The Basel Committee announced earlier this month that it was delaying final implementation of its Capital Accord by one year.

Instead of the 2005 implementation deadline, market participants will now have until year-end 2006. The new schedule outlines a revised timetable where the committee expects the completion of the third quarter quantative impact survey by the end of this year. It expects to issue its second consultative paper by the spring 2003 and, by fourth-quarter 2003, expects the new accord to be finished.

According to the Committee, this three-year gap from finalization to implementation should prove ample time for banks and supervisors to adapt and develop necessary systems in order to properly implement the new regulations. "This may well be the best case scenario in our opinion, noting that several countries have only just recently implemented the 1988 Basle Accord," reported Deutsche Bank Securities in recent commentary.

The changes make little new reference to the treatment of securitization transactions, but the Committee has acknowledged that significant progress has been made through technical discussions in regards to securitization.

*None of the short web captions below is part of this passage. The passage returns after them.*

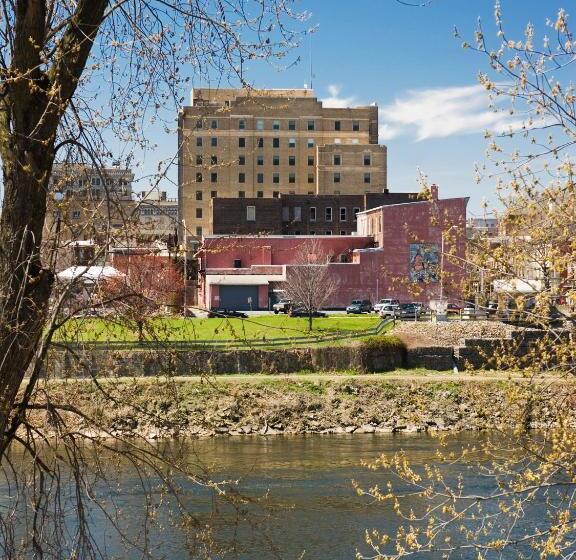 Grand Eastonian Hotel & Suites Easton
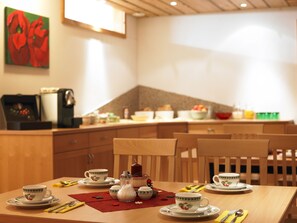 每日供應自助早餐 (每人 EUR11.00)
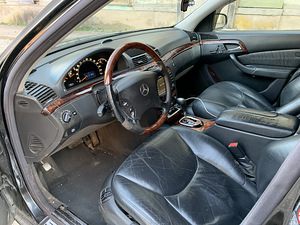 Мерседес Бенц S320 (6 фото из 9)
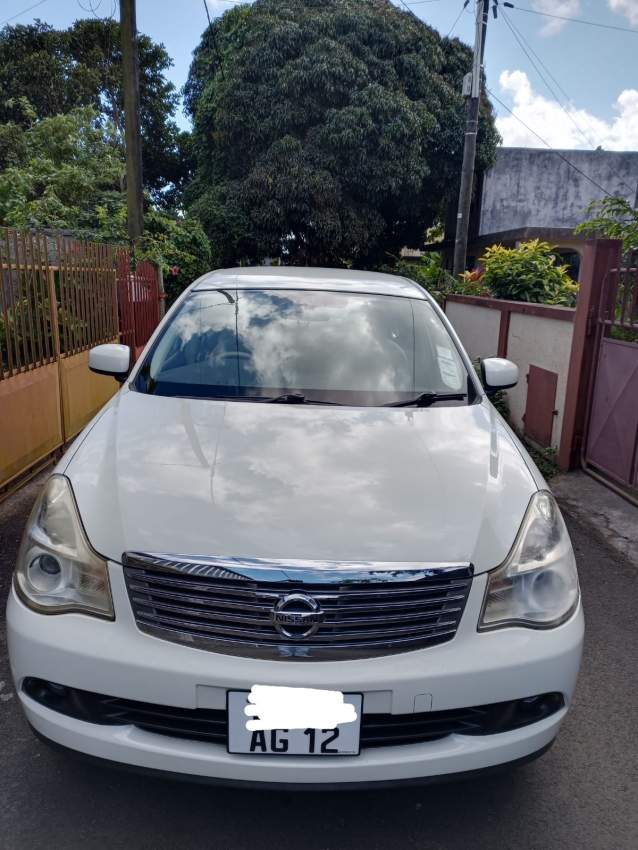 Nissan Bluebird Selphy - 0 - Family Cars  on MauriCar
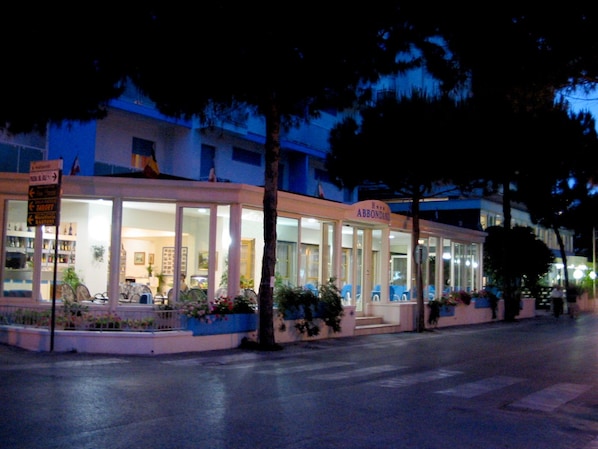 Depan hartanah - siang/malam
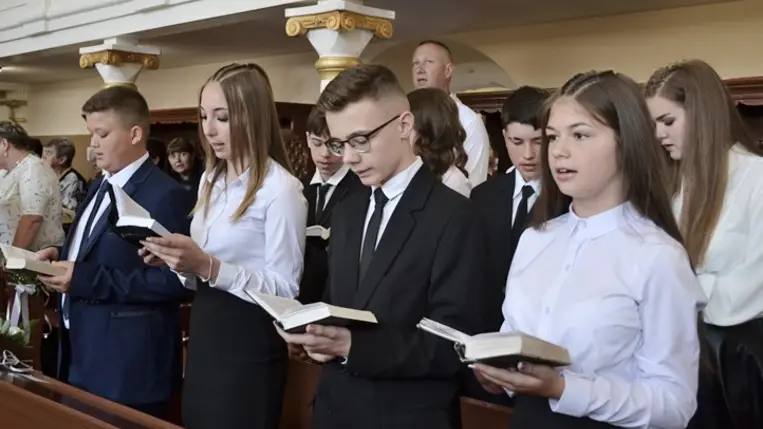 Konfirmációs ünnepség Badalóban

Agreements have been reached regarding the capital requirements for small and medium sized corporate exposures (SMEs), which can affect issuance consideration for originators of this asset class, said Deutsche. "The overriding goal of the Committee remains to make the new Accord capital neutral,' that is, neither significantly decreasing nor increasing the aggregate level of regulatory capital in the banking system."

Specifically, under the internal ratings-based (IRB) approach, exposures to SMEs now attract a lower capital requirement that may be as much as 20% less than the requirement for larger corporate exposures. Under this approach, non-mortgage retail credit exposures will be classified under qualifying revolving exposure such as credit cards or as other retail like non-revolving, non-mortgage consumer loans.

For banks not using the IRB approach, the risk weighting for residential mortgages will be reduced from 50% to 40% and non-mortgage retail lending will be reduced from 100% to 75%, Deutsche summarized.

According to the report, these new guidelines will minimally affect bank investors because their risk capital charges in ABS/MBS is ratings based. "Delaying the accord implementation by another year may provide incremental motivation for issuers seeking regulatory capital relief through synthetic securitizations," Deutsche researchers noted.